ÖY: Sene 2008. Türkiye Turu, ilk kez profesyonellerle düzenlenecek. Yıllardır ekranlarda gördüğüm bazı sporcularla tanışma şansım var. Röportaj şansım var diye çok mutluyum. İstanbul’daki özel etaptan sonra İzmir’e geçildi. İstanbul yarışı sonrası hızla havalimanına gidildiği için, merakla beklediğim isimlerle görüşemedim. Ama daha önümde bir hafta vardı. İzmir-Kuşadası etabındayız yani Türkiye Turu’nun bir bakıma ilk günü sayılır. Yayıncı kuruluş olduğumuz için şoförlü bir araç tahsis edilmişti bize. Şoför arkadaş, pek öyle bisikletle veya yarışla ilgili değildi. Pelotonun içindeyken öne geçmenin kuralları vardır. Hakemden izin alırsın, bisikletçileri kontrol edersin ve geçersin. Büyük bir araçtayız ve yandaki sürgülü kapı açık, kameraman arkadaş bir eliyle tutunup diğer omzunda kamera ile çekim yapıyor. Şoför arkadaş yol genişledi diye bastı gaza ve biz ana grubu geçtik. Kameraman güzel görüntüler yakaladığını söyledi. Mutlu mesut ilk günün akşamına ulaştık derken, o senenin baş hakemi P. Marien yemekte beni gördü “Sizinle kısa bir görüşme yapalım yemekten sonra.” dedi güler yüzle. Belçikalı hakem, Fransa turu gibi birçok büyük turda da görev yapmış biri. Yemekten sonra çay içerken tenha bir köşede bir masaya oturduk ve Marien: “Çok tehlikeli bir hareket yapmışsınız bugün. Öncelikle bisikletçilerin hayatını düşünürüm.
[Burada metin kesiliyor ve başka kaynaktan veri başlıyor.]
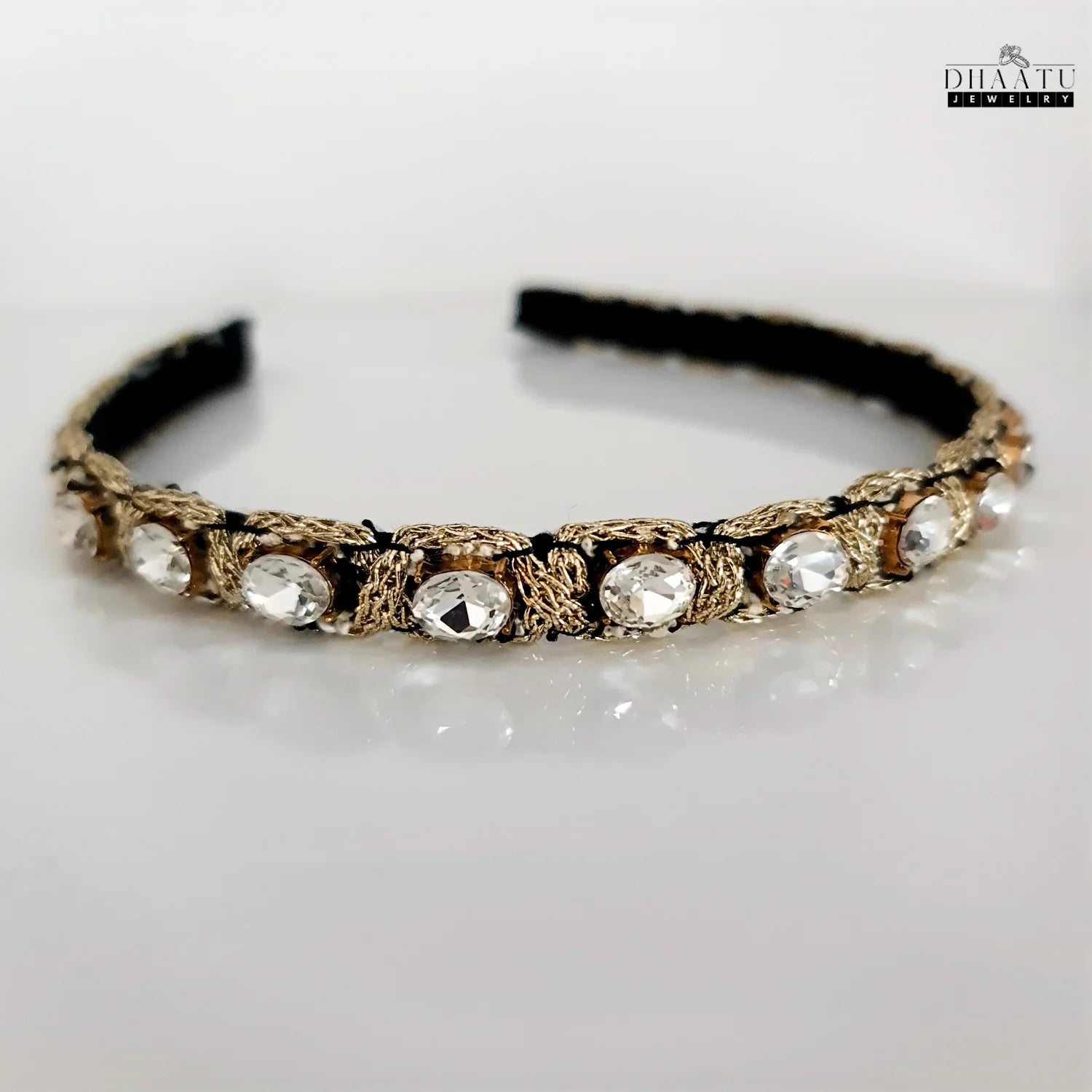 Modern Western headband with clear crystals and golden woven detailing, displayed on a clean white background.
Kameramanınız düşseydi bisikletçiler zarar görebilirdi ayrıca sizin için de tehlikeli. “Böyle giderseniz sizi yarıştan atarım.” deyince dondum kaldım. İlk kez böyle bir turdaydım, işim gereği de yapmam gerekenler vardı. Neyse, sonra öğrendim tabii işin püf noktalarını ve doğrusunun nasıl olduğunu. Turdan ihraç edilmedim ama birkaç etap Philippe’ten uzak durdum.